Sampling lets a server ask the client to generate a message with an LLM. The
SDK does not call a model provider by itself. Instead, the client opts in by
registering a sampling_callback, and that callback decides which model or
runtime to use.
- A server handler calls
ctx.session.create_message(...). - The SDK sends a
sampling/createMessagerequest to the connected client. - The client's
sampling_callbackreceives aClientRequestContextandCreateMessageRequestParams. - The callback calls the model provider or local runtime that the client owns.
- The callback returns
CreateMessageResultto the server.
If the client does not register a sampling callback, sampling requests are answered with the SDK's default "Sampling not supported" error.
from mcp import ClientSession, types
from mcp.client.context import ClientRequestContext
async def handle_sampling_message(
context: ClientRequestContext,
params: types.CreateMessageRequestParams,
) -> types.CreateMessageResult:
print(f"Sampling request {context.request_id}: {params.messages}")
return types.CreateMessageResult(
role="assistant",
content=types.TextContent(type="text", text="Hello from the client model"),
model="example-model",
stop_reason="endTurn",
)
async def run(read_stream, write_stream):
async with ClientSession(read_stream, write_stream, sampling_callback=handle_sampling_message) as session:
await session.initialize()The callback may return types.ErrorData instead of CreateMessageResult when
the user rejects a request or the client cannot fulfill it.
params.model_preferences is advisory. The server can provide model name hints
or priorities for cost, speed, and intelligence, but the client chooses how to
interpret them.
def pick_model(preferences: types.ModelPreferences | None) -> str:
if preferences and preferences.hints:
for hint in preferences.hints:
if hint.name in {"fast-model", "smart-model"}:
return hint.name
if preferences and (preferences.speed_priority or 0) > (preferences.intelligence_priority or 0):
return "fast-model"
return "smart-model"Clients can ignore unsupported hints and should still apply their own policy, such as user approval, model availability, cost limits, or tenant configuration.

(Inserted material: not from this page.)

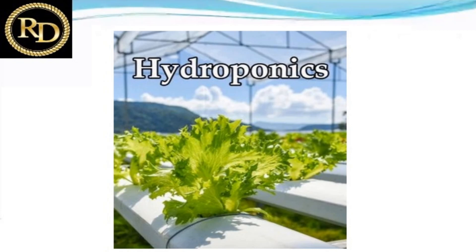Today's topic is hydroponics, a new technology. Hydroponics is the growing of plants in a water solution or nutrient solution, without the use of any substrate, without the use of soil, without the use of any soilless substrate. We are just using water to cultivate the plants.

ClientRequestContext is request metadata for the callback. It provides:
context.session: the client session handling the request.context.request_id: the request id, when one is available.context.meta: optional request metadata.
It is not prompt context and does not automatically add resources or previous messages to the LLM request.
params.include_context is the server's request for additional context. The SDK
passes the value to the callback, but it does not attach context automatically.
The client implementation decides what context it can safely include.
When using ClientSession directly, a client that supports non-none
include_context values can declare that with sampling_capabilities:
session = ClientSession(
read_stream,
write_stream,
sampling_callback=handle_sampling_message,
sampling_capabilities=types.SamplingCapability(context=types.SamplingContextCapability()),
)async def handle_sampling_message(
context: ClientRequestContext,
params: types.CreateMessageRequestParams,
) -> types.CreateMessageResult:
model = pick_model(params.model_preferences)
provider_messages = convert_sampling_messages(params.messages)
if params.system_prompt:
provider_messages.insert(0, {"role": "system", "content": params.system_prompt})
if params.include_context in {"thisServer", "allServers"}:
extra_context = await load_allowed_context(context, params.include_context)
provider_messages.insert(0, {"role": "system", "content": extra_context})
text = await call_your_llm(
model=model,
messages=provider_messages,
max_tokens=params.max_tokens,
temperature=params.temperature,
stop_sequences=params.stop_sequences,
metadata=params.metadata,
)
return types.CreateMessageResult(
role="assistant",
content=types.TextContent(type="text", text=text),
model=model,
stop_reason="endTurn",
)In this example, convert_sampling_messages, load_allowed_context, and
call_your_llm are application-specific helpers. Keeping them outside the SDK
callback makes the example provider-neutral: the same callback shape works with
a hosted model API, a local model runtime, or a test double.